Simon Libérati a ceci d'intéressant est qu'en lieu et place de se lancer dans ses romans dans une introspection complaisante de sa petite personne, une psy en direct devant tous les passants en somme, il préfère faire véritablement œuvre de littérature. Il évoque ici le crime le plus connu de la « famille » Manson commis en Août 1969, le meurtre sauvage de Sharon Tate et de ses amis par des pauvres filles et un raté au nom des délires de leur gourou. Ce massacre marqua véritablement la fin des années 60 et de leurs illusions révélant la réalité derrière les apparences et l'utopie.

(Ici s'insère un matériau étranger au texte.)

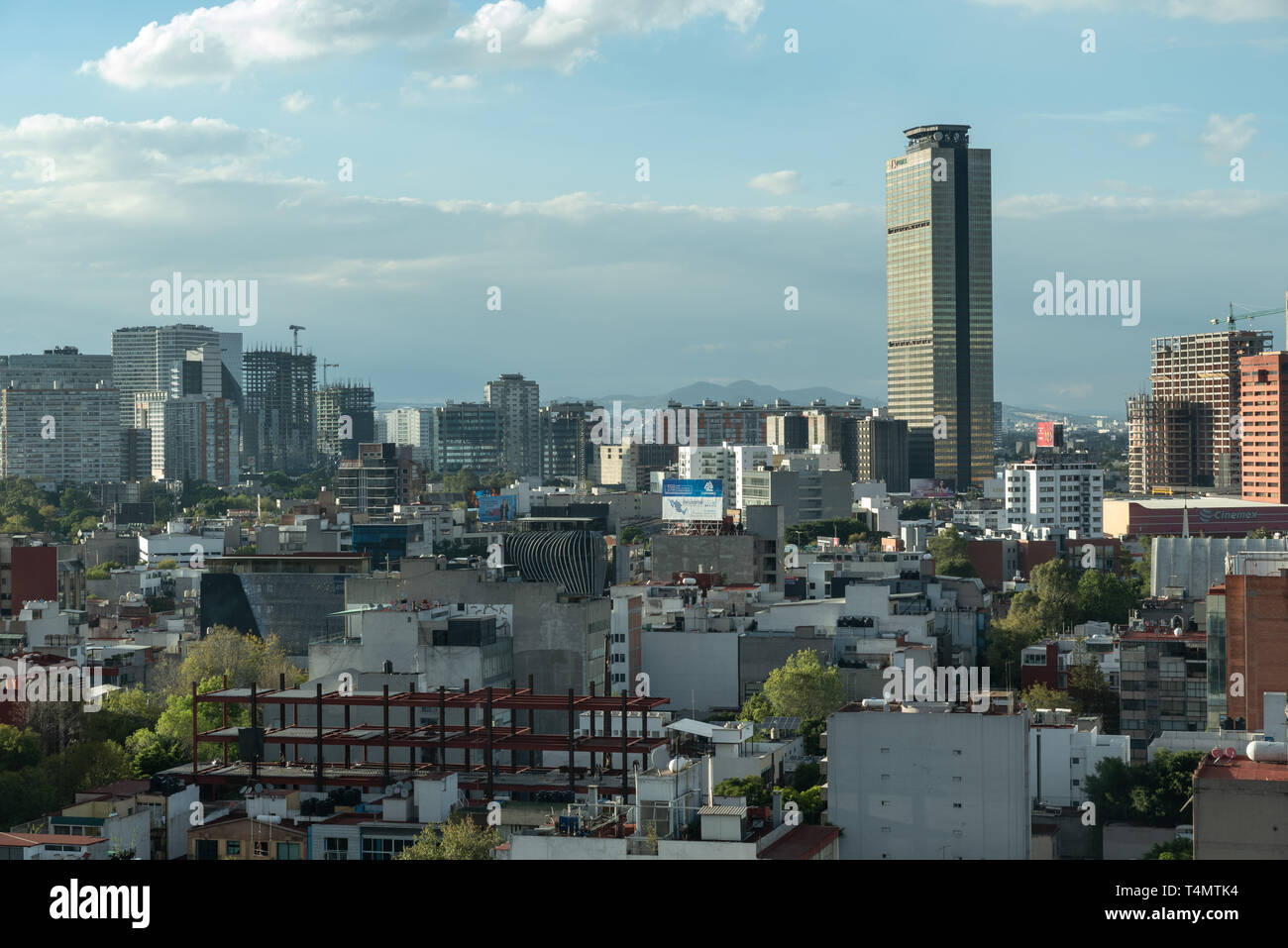 La PEMEX headquarters - un messicano di proprietà dello stato petroleum company - torre al di sopra di Città del Messico, una delle più grandi città del mondo. Foto Stock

Il paraît que certains critiques ont accusé l'auteur de manquer d'empathie envers ses personnages, c'est tout l'inverse. Il s'identifie à chacun d'entre eux, y compris les pires, comprenant la complexité de leur humanité. Il montre aussi qu'un assassin fanatisé n'est pas un monstre en dehors de l'espèce humaine, qu'au contraire il se situe dans la « banalité du mal ». Le pitoyable primate se traînant à la surface de cette boule de glaise étant notre maison commune est capable du meilleur, est appelé à la Beauté mais il se laisse souvent aller au pire, à l'abject, se justifiant plus ou moins laborieusement de ses appétits.



Simon Libérati décrit très habilement le processus d'embrigadement des filles et des jeunes gens composant sa « famille ». Il n'est pas le seul dans son genre, un petit criminel minable ancien proxénète et dealer reconverti dans le sectaire, une affaire beaucoup plus juteuse, mélangeant satanisme, nazisme et utopie hippie dans un curieux mélange. Comme beaucoup de minables il était convaincu que le monde entier lui était redevable à commencer par ses « disciples ». Pour montrer leur allégeance ils devaient tous offrir une somme d'argent conséquente. Manson voulait provoquer « l'Helker Skelter », l'apocalypse. Il avait cru le comprendre en écoutant la fameuse chanson de « l'album blanc » des « Beatles » persuadé que celle-ci lui était spécialement adressée....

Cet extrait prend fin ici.